KAREN TUMULTY, "TIME" MAGAZINE: Thank you, Keith.


OLBERMANN: Presumably, there are only two ways to read George Tenet's resignation. Either it really was a personal decision, which caught everybody by surprise, including the president, or it wasn't, in which case he was fired, presumably by the president, which would you get guess would leak out one way or the other. Is Tenet's means of departure thus kind of a no-win for Mr. Bush?

TUMULTY: Well, I think in some ways, it helps in that it takes a little bit of the pressure off, because as the Senate Intelligence Committee issues its report, as the 9/11 Commission issues its report, that George Tenet was going to be a real focal point of the criticism, and - you know, certainly after the Bob Woodward book where he was assured the president that the intelligence was "slam dunk" that there were weapons of mass destruction in Iraq. I mean, there were a lot of people asking - you know, what does it take to get fired in this administration?
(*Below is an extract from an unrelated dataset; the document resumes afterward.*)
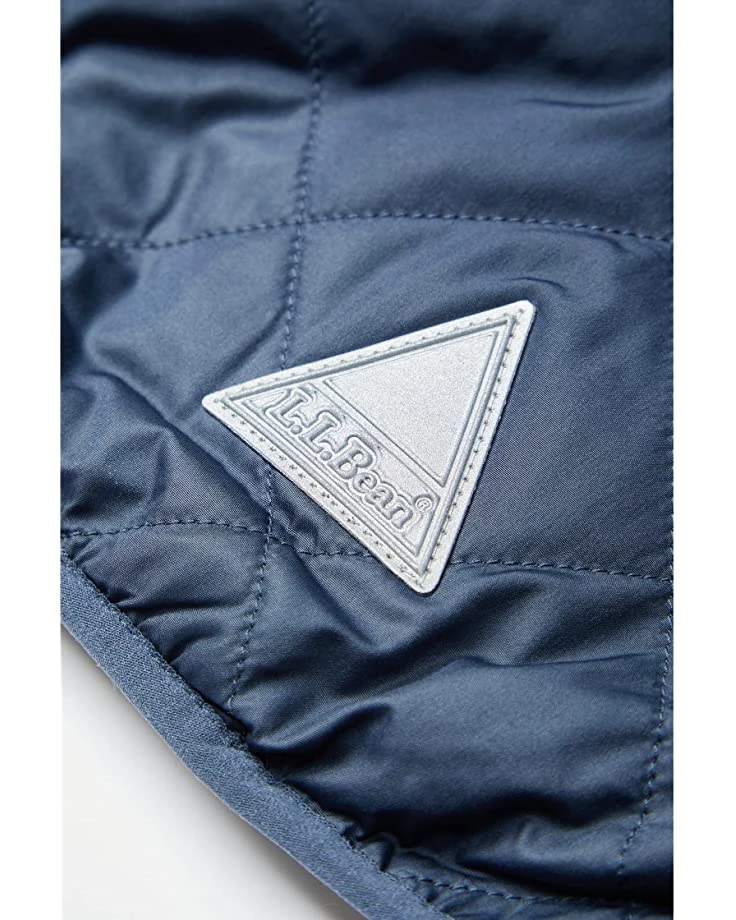 91dVyfJzAFL._AC_SR736920_.jpg L.L.Bean Coats & Outerwear Mountain Bound Reversible Hooded Jacket (Toddler) -L.L.Bean Shop 91dVyfJzAFL. AC SR736920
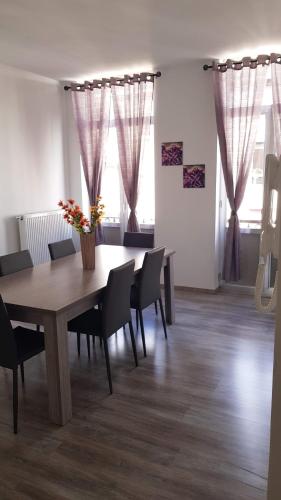 Modern Apartment Second Floor, Brüssel (Foto 4)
OLBERMANN: And better to have him quit or be fired long before the actual moment of crisis arrives, obviously. But, the loyalty factor regarding Mr. Bush has always been of major importance in both directions, to him and from him, and once again, regardless of whether Mr. Tenet jumped or was pushed, was the loyalty issue, one way or the other, breached?

TUMULTY: Well, I think because of the way it happened, I think that George Tenet, whether he was nudged out or whether he, in fact, did choose to leave, as he said. The way he left was very graceful. He did not leave any blood on the carpet and so I think that at this point - you know, the president stood by him to the end. There - you know, was continuing to compliment him, to the end, their relationship was close, it still seem to be close. So, I think that - you know, given a bad situation, this was about as well as it could possibly have been handled.

OLBERMANN: And speaking of another bad situation, the president and the attorney, Mr. Sharp, has it ever been a good thing when the president has had to bring in private council?

Have we ever had one turn out where it was just happened that was detrimental to the commander in chief?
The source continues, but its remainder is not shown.